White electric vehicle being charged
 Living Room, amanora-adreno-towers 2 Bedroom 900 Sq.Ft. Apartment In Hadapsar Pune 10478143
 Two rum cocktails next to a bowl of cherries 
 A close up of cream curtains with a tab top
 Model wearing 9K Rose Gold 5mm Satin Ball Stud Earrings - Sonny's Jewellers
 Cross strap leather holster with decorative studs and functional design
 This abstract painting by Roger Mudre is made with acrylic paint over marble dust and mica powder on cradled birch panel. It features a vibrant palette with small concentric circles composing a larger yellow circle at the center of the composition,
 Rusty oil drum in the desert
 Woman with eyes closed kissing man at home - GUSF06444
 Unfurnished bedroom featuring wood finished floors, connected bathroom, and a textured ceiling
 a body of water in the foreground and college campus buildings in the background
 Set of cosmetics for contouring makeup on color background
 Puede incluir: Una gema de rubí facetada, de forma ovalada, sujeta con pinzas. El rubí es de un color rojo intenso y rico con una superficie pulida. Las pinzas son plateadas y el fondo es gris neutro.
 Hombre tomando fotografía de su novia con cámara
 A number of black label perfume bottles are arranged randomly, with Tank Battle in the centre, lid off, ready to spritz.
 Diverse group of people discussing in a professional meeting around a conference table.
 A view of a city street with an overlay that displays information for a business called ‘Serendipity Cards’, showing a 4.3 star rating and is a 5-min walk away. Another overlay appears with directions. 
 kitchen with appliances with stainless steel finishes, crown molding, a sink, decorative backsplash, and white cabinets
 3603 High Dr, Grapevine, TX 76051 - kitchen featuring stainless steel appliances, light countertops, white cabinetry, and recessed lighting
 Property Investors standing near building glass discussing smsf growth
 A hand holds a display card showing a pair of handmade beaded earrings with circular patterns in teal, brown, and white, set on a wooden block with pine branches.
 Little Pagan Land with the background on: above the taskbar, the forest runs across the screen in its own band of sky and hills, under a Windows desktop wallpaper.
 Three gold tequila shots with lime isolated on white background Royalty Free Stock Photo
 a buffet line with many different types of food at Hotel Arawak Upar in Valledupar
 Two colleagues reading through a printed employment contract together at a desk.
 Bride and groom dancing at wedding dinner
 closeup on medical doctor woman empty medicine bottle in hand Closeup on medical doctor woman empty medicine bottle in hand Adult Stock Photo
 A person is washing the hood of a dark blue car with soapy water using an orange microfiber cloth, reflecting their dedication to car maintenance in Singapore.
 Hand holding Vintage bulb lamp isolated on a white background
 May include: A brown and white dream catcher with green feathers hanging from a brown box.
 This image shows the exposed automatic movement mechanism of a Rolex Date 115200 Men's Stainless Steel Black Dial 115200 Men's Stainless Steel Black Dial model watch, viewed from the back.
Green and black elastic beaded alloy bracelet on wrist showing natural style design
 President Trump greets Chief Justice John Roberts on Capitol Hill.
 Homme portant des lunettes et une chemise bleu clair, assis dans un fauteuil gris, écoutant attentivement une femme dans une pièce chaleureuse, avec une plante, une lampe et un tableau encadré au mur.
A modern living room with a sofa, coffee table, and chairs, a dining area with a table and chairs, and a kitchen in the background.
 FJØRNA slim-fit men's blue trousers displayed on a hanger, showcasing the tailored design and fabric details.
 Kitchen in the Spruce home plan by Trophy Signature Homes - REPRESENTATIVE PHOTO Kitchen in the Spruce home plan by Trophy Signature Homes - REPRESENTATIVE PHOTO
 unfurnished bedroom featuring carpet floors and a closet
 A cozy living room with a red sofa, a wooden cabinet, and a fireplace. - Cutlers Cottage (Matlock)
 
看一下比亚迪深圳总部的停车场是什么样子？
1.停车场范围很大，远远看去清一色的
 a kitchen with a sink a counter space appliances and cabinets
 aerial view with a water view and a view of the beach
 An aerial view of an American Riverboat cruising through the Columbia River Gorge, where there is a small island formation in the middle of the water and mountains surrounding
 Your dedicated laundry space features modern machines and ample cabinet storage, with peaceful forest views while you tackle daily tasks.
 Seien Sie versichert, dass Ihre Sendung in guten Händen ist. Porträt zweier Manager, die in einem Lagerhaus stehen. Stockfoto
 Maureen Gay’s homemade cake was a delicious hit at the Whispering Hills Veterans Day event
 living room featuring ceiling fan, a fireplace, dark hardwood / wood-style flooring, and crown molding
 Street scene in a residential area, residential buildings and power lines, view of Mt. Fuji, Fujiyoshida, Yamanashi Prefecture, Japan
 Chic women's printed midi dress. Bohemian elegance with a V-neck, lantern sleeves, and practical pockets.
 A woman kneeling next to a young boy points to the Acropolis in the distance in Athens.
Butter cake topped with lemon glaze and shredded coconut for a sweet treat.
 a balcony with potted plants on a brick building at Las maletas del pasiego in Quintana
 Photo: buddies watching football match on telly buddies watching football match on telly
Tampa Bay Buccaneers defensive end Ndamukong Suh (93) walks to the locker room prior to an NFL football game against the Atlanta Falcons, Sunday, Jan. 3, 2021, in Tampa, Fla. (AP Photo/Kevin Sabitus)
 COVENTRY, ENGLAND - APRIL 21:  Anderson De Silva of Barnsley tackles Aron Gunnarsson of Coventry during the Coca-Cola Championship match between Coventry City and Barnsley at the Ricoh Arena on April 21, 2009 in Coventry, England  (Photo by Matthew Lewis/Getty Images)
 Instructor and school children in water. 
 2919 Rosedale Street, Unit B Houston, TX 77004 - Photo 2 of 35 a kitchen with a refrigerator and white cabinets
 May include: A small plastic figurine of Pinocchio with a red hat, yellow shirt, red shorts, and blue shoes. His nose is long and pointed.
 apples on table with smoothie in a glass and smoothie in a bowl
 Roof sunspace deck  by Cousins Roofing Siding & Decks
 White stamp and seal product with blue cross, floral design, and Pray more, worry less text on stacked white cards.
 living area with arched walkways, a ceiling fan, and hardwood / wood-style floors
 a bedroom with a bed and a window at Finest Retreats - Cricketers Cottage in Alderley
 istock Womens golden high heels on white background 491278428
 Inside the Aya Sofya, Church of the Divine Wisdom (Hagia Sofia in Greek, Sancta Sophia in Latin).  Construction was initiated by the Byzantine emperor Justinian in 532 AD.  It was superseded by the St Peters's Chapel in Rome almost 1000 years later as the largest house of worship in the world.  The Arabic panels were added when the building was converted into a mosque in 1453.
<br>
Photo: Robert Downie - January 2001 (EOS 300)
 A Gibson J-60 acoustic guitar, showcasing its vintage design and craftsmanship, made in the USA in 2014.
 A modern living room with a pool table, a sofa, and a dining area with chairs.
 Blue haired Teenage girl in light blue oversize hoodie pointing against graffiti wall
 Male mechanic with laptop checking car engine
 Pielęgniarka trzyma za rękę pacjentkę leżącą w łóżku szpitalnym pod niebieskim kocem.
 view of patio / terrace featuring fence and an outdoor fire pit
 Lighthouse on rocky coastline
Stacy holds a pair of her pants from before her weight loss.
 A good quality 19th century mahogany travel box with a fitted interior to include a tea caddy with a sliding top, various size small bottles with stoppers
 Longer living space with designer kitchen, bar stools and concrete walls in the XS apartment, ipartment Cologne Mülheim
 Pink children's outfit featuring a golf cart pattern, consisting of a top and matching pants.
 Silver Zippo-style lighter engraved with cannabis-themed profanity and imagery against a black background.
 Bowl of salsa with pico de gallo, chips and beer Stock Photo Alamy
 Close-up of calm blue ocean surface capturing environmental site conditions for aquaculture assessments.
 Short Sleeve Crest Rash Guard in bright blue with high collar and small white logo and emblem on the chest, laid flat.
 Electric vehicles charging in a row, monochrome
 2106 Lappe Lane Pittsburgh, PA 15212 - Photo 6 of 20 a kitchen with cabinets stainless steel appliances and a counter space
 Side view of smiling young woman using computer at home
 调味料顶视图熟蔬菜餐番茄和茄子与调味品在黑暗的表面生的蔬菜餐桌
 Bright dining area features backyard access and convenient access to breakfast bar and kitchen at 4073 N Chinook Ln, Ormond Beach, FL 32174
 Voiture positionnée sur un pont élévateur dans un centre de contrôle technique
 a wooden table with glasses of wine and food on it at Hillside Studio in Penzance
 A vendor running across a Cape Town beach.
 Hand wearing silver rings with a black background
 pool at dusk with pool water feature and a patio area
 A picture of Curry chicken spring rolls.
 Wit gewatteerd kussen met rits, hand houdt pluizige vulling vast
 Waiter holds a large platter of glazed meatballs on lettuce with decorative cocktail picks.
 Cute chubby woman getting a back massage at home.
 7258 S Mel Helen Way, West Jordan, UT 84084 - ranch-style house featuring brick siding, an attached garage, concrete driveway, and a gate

**Exercise directions:**
Here the output must be the lines above from the line with "Photo: buddies watching" to the line with "Pielęgniarka trzyma za", both included, duplicated word for word and nothing else.

**Output of the exercise:**
 Photo: buddies watching football match on telly buddies watching football match on telly
Tampa Bay Buccaneers defensive end Ndamukong Suh (93) walks to the locker room prior to an NFL football game against the Atlanta Falcons, Sunday, Jan. 3, 2021, in Tampa, Fla. (AP Photo/Kevin Sabitus)
 COVENTRY, ENGLAND - APRIL 21:  Anderson De Silva of Barnsley tackles Aron Gunnarsson of Coventry during the Coca-Cola Championship match between Coventry City and Barnsley at the Ricoh Arena on April 21, 2009 in Coventry, England  (Photo by Matthew Lewis/Getty Images)
 Instructor and school children in water. 
 2919 Rosedale Street, Unit B Houston, TX 77004 - Photo 2 of 35 a kitchen with a refrigerator and white cabinets
 May include: A small plastic figurine of Pinocchio with a red hat, yellow shirt, red shorts, and blue shoes. His nose is long and pointed.
 apples on table with smoothie in a glass and smoothie in a bowl
 Roof sunspace deck  by Cousins Roofing Siding & Decks
 White stamp and seal product with blue cross, floral design, and Pray more, worry less text on stacked white cards.
 living area with arched walkways, a ceiling fan, and hardwood / wood-style floors
 a bedroom with a bed and a window at Finest Retreats - Cricketers Cottage in Alderley
 istock Womens golden high heels on white background 491278428
 Inside the Aya Sofya, Church of the Divine Wisdom (Hagia Sofia in Greek, Sancta Sophia in Latin).  Construction was initiated by the Byzantine emperor Justinian in 532 AD.  It was superseded by the St Peters's Chapel in Rome almost 1000 years later as the largest house of worship in the world.  The Arabic panels were added when the building was converted into a mosque in 1453.
<br>
Photo: Robert Downie - January 2001 (EOS 300)
 A Gibson J-60 acoustic guitar, showcasing its vintage design and craftsmanship, made in the USA in 2014.
 A modern living room with a pool table, a sofa, and a dining area with chairs.
 Blue haired Teenage girl in light blue oversize hoodie pointing against graffiti wall
 Male mechanic with laptop checking car engine
 Pielęgniarka trzyma za rękę pacjentkę leżącą w łóżku szpitalnym pod niebieskim kocem.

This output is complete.